I'm probably tweaking things a dozen times in the software in one session.
Congrats!
There are plenty of high resolution raw files online if you want something to test with, I've gotten them off dpreview (gfx50 raw) and some leica monochrome DNG on other sites.
I probably didn't explain it well but it is possible to have more than 255 levels of grayscale.
Suppose you want grayscale 100.5. You can do this by exposing 100 for 5 seconds and 101 for 5 seconds.
Using this principal the software creates a slide show of 16 different images with slightly different levels of grayscale. During exposure it cycles through each image equally. This creates a grayscale depth of 12 bit, or about 4,000 levels of grayscale. You could do more 'slides' but I think 12 bit is plenty and in testing the gfx50r only has 12 bits of real dynamic range. Lots of manufactures are supporting claiming 16 bit raw but it really boils down to what the sensor can do.
If you can please post some of your results I would love to see it!
That's really darn good.
Looks good!
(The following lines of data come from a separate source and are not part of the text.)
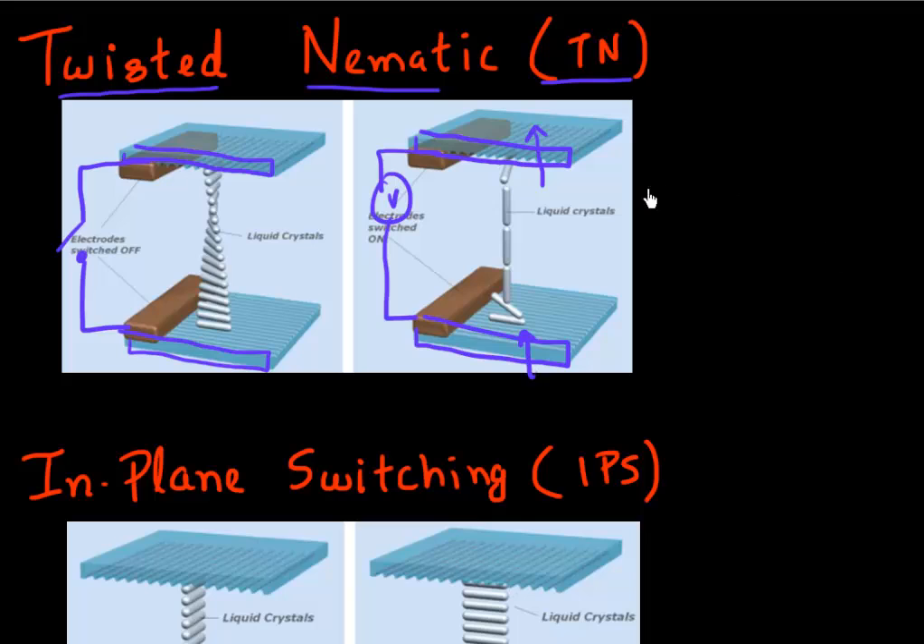Another limitation of the TN configuration is that if you add a touch screen on top and apply pressure, some of that pressure passes through to the liquid crystal. When you modulate the volume of the liquid crystal, it results in a phenomenon called a tail. If you have an LCD monitor, try touching it from the top, and you'll see this tail — a visual artifact that occurs when you press on the LCD display and apply pressure.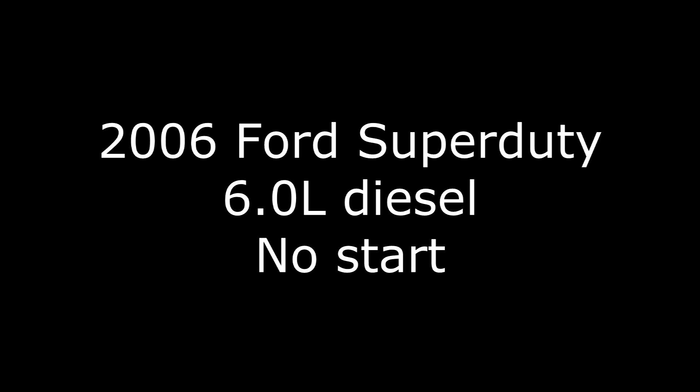The purpose of this video is to demonstrate what I've got going on with my truck. It's a 2006 Ford Super Duty with a 6-liter Power Stroke in it. I've actually owned a few 6-liters, I am familiar with the engine, and I turn my own wrenches and have done quite a bit of work on these.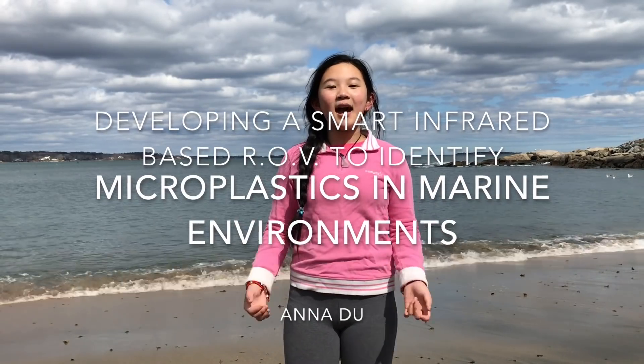Hi! My name is Anna. I'm in 6th grade. I live in Andover, Massachusetts, and my project is about developing a smart, infrared-based ROV to detect microplastics in marine environments.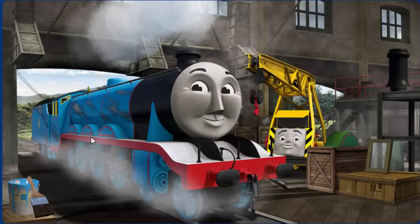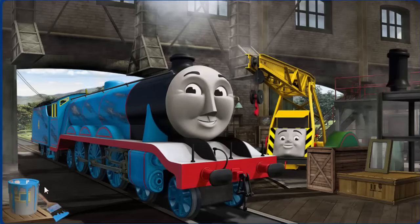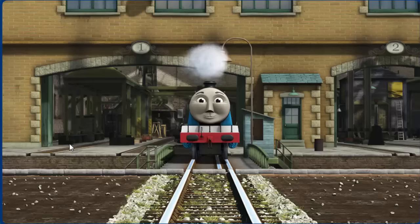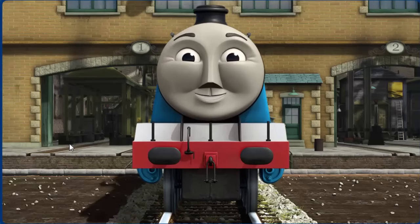Gordon's paint is scratched. You fixed it! Gordon is ready to get back to work.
While luts are going to be important especially in a professional setting, I discovered early on they aren't everything. A lot of the character of the print is from pushing into the toes of the paper just like you would with film and luts prevent that. You have me thinking even about a lutless approach, where you digitize your negative, fix levels and bring out the contrast using darkroom techniques.
As far as 8 bit vs higher bits, I think 175 steps is not the right way to look at it. If you look at the slope of the papers response curves, especially in the all-important midtone region, you are getting far less, like under 100. And if you want to take a undoctored low contrast image and use higher contrast filters it will be even worse.
I am sure 8 bit is fine for normal exposure on grade 2 but I started seeing problem when I was using harman direct positive paper which is very high contrast. It also shows up when lith printing, especially with old developer.
The math is simple 16bitpixelval + (stepnumber * (255/numberofsteps))
It might not necessarily be all the paper. Keep in mind these lcd are used for only 1 bit application in 3d resin printing, not sure how much testing they have done for continuous tone.. I've always wanted to measure the lcd directly for linearity but haven't had the time for it. Of course any problems with lcd can be fixed with luts or software.